Support: actor Sam West and poet Sir Andrew Motion at the launch today
12 April 2012

Arts and cultural leaders today issued a warning that Britain's economic strength could be "shattered" if funding to the sector is cut.

The Tate's Sir Nicholas Serota, the British Museum's Neil MacGregor and the National Theatre's Sir Nicholas Hytner were joined by Sir Andrew Motion, the former Poet Laureate, cellist Julian Lloyd Webber, actor Griff Rhys Jones, Turner Prize winner Grayson Perry and Bend It Like Beckham director Gurinder Chadha to issue a plea to protect arts funding after the election.

Samuel West, currently starring in the West End hit Enron which began with tiny subsidised theatre company Headlong, said maintaining arts funding was a "no-brainer".

Speaking at the launch of a joint manifesto for the future of culture, he said: "The arguments are so clear, economically, socially, aesthetically, that the only possible reason to reduce the total amount of money available for the arts in this country is censorship."

The group gathered in the British Museum's Great Court less than 24 hours after Chancellor Alistair Darling slashed £60 million — about four per cent — from the Department for Culture, Media and Sports 2010-2011 budget.

But fears are of even bigger cutbacks to come. Shadow culture spokesman Jeremy Hunt has admitted the arts would be given no special protection under the Tories.

Cultural Capital: A Manifesto for the Future, presented by a coalition of 17 bodies from Arts Council England to Visit London, argues that any reduction in public investment would make poor economic sense — and that the arts have already accepted massive cuts of £2.2 billion to pay for the Olympics.

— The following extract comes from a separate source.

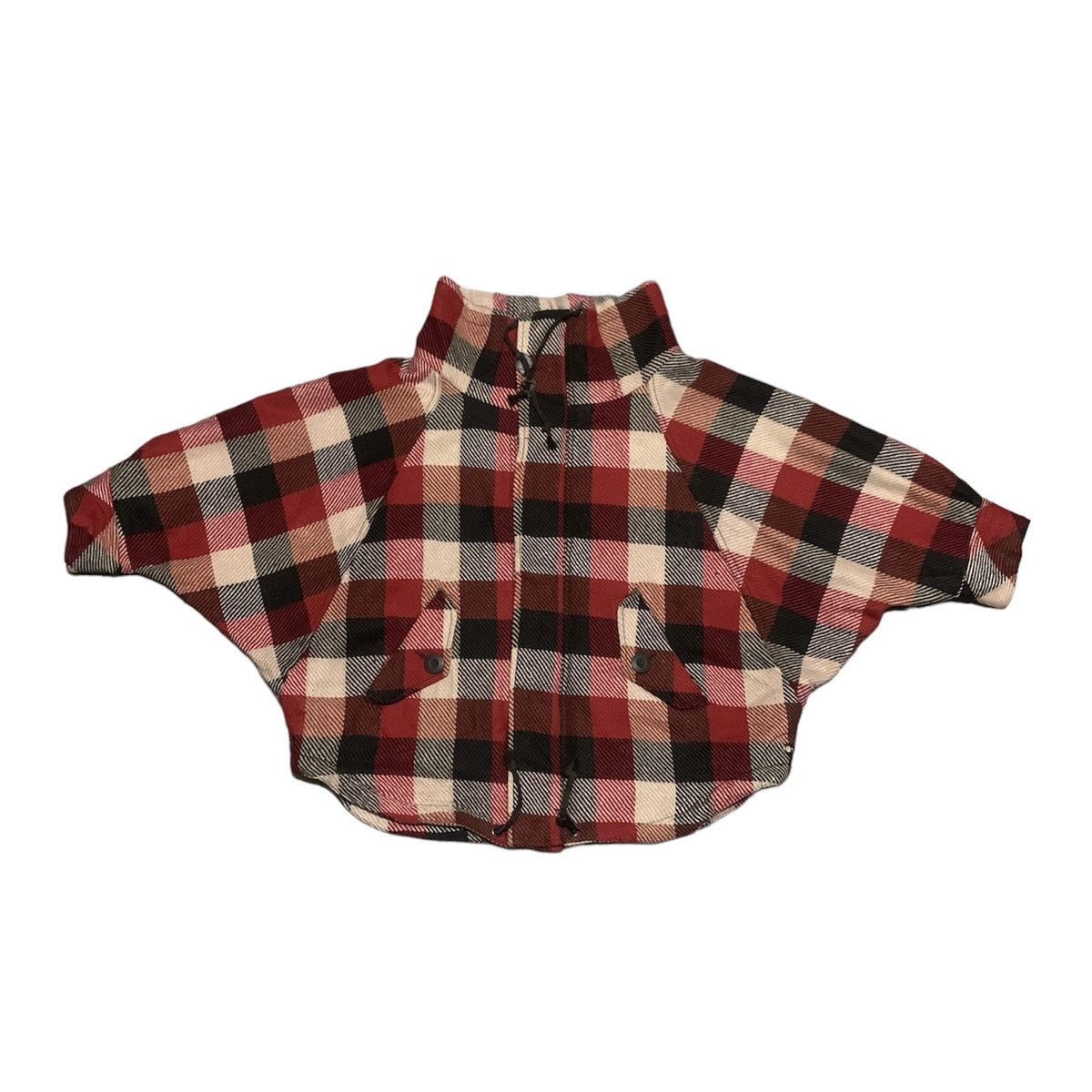 If Six Was Nine Vintage Japanese Pure Casual Tetsu Plaid Wool Jacket Poncho Size US M / EU 48-50 / 2 - 1 Thumbnail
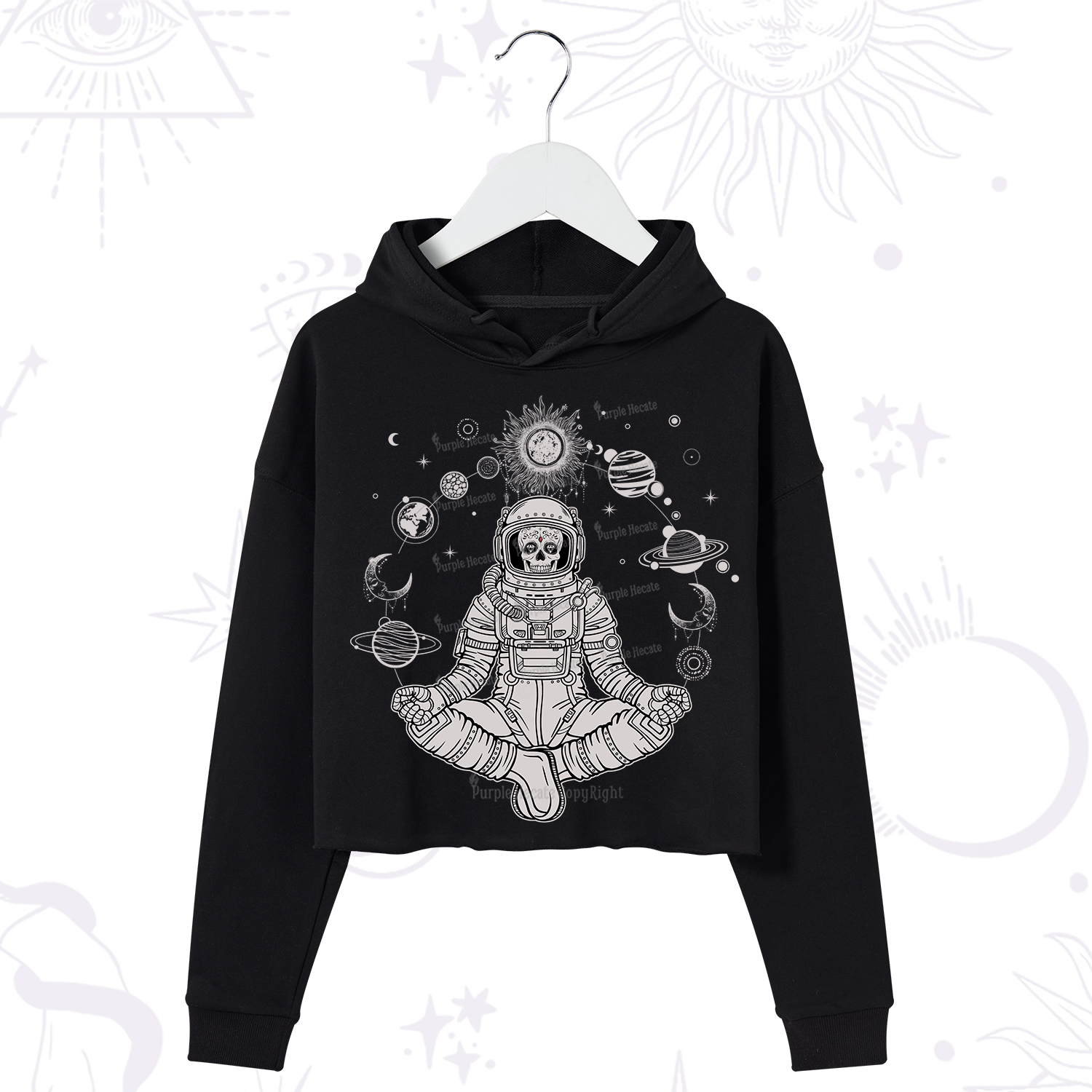 Purplehecate Cosmic Meditator Crop Hoodie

Mr MacGregor said the arts in Britain was an "enormous phenomenon" in public life supported by a "tiny part" of public expenditure. The entire spend on culture represents only one per cent of the budget for the NHS, meaning any cuts could scarcely benefit other areas of public life but could severely damage Britain's thriving culture.

The arts generate £2 from philanthropy, sponsorship and their own business ventures and box office for every £1 of public subsidy. Sir Nicholas Hytner stressed that the subsidy was what created successes like the National Theatre hit War Horse. "Public investment means we can take risks we would otherwise be unable to take," he said.

The manifesto says investment has created a huge appetite for culture and generated billions for the economy.

The Liberal Democrats have promised to ringfence arts spending. But Mr Hunt claims culture would be better off under the Tories because they would reallocate lottery funds and encourage US-style endowments. Ben Bradshaw, the Culture Secretary, said he was "confident" Labour would maintain funding.